= What is expected =
Could you copy every line in the listing below that has the word "Used"?

= Data for analysis =
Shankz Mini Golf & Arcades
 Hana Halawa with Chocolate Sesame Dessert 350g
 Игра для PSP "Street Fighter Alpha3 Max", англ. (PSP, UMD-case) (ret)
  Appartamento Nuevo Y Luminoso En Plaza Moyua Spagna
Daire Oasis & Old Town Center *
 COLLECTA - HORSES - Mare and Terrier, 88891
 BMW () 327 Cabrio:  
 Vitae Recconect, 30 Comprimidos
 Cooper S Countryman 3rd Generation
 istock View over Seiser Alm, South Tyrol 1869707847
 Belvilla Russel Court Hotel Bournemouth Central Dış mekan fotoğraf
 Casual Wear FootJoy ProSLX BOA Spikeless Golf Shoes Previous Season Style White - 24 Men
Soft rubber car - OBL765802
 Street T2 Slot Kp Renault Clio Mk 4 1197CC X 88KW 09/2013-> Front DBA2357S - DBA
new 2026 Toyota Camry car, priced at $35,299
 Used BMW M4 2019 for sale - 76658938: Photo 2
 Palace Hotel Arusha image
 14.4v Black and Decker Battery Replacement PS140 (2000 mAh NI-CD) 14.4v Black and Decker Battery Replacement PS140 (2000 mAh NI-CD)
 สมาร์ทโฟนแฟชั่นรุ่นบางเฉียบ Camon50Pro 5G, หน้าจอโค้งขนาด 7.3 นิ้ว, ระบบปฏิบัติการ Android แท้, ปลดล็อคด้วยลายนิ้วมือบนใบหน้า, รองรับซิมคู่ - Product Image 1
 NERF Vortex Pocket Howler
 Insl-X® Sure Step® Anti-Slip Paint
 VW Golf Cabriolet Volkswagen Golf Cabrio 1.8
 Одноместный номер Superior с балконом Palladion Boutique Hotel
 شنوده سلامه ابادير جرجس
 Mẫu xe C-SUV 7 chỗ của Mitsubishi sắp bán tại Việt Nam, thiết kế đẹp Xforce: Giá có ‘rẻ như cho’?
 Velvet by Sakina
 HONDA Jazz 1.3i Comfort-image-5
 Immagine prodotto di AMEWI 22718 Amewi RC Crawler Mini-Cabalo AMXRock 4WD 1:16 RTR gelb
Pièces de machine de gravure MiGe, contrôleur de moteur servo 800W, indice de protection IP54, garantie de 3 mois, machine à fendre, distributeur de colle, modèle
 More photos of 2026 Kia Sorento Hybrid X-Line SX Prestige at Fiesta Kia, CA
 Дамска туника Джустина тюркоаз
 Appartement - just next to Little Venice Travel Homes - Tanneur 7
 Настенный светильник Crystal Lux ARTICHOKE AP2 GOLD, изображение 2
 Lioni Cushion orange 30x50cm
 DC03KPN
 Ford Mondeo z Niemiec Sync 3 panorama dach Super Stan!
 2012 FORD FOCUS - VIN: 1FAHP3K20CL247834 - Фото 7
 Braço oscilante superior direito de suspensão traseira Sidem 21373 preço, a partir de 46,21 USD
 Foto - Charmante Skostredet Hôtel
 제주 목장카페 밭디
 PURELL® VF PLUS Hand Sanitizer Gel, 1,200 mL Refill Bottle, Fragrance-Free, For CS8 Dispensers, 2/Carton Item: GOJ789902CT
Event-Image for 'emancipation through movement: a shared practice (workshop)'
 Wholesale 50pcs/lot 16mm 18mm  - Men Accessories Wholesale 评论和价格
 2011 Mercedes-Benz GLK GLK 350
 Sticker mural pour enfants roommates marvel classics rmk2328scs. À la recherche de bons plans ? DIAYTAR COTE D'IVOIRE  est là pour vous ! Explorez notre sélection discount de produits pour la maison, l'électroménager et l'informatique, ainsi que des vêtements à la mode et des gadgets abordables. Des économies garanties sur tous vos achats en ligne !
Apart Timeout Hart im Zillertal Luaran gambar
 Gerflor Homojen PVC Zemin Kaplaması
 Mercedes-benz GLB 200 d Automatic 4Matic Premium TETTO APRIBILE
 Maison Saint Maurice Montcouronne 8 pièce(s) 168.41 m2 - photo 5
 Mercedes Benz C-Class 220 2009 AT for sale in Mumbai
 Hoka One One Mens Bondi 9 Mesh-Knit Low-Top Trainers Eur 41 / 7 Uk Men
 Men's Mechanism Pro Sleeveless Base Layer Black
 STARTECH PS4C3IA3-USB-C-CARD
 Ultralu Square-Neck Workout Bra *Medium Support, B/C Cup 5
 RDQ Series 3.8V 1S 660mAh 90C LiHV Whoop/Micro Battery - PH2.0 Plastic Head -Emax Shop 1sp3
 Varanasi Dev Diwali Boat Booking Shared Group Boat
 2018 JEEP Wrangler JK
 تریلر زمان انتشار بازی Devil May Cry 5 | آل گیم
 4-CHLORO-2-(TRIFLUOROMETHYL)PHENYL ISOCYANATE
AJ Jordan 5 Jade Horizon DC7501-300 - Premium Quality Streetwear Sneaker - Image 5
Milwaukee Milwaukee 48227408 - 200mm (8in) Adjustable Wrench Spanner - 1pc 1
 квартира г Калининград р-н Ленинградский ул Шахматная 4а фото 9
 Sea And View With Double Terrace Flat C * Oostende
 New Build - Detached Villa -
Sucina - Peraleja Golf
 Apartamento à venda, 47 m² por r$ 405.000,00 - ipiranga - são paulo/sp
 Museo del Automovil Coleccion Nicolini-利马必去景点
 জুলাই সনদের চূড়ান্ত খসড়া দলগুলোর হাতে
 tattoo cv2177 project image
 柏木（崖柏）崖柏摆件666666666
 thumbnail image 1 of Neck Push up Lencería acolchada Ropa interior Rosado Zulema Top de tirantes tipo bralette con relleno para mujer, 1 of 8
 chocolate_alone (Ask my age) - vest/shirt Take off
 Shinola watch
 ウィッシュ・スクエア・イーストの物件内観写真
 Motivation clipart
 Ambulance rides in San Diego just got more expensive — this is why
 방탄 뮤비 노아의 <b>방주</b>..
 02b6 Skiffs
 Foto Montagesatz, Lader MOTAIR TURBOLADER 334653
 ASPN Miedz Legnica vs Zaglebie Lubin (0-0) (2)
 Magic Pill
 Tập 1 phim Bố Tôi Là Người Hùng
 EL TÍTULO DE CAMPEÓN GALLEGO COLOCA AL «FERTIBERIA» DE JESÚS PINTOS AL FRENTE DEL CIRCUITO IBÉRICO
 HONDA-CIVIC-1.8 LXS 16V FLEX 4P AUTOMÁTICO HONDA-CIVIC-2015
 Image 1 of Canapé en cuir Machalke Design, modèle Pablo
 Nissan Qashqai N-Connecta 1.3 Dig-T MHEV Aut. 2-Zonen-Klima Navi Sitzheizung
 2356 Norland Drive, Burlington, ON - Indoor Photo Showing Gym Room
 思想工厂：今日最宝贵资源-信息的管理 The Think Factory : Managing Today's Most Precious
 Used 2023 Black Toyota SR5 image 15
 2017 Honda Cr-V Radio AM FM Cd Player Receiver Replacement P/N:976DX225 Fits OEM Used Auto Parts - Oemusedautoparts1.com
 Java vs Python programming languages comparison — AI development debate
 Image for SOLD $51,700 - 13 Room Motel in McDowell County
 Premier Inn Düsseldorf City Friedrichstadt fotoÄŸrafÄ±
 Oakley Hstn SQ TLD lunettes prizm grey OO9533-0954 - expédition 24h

= Task output =
 Used BMW M4 2019 for sale - 76658938: Photo 2
 Used 2023 Black Toyota SR5 image 15
 2017 Honda Cr-V Radio AM FM Cd Player Receiver Replacement P/N:976DX225 Fits OEM Used Auto Parts - Oemusedautoparts1.com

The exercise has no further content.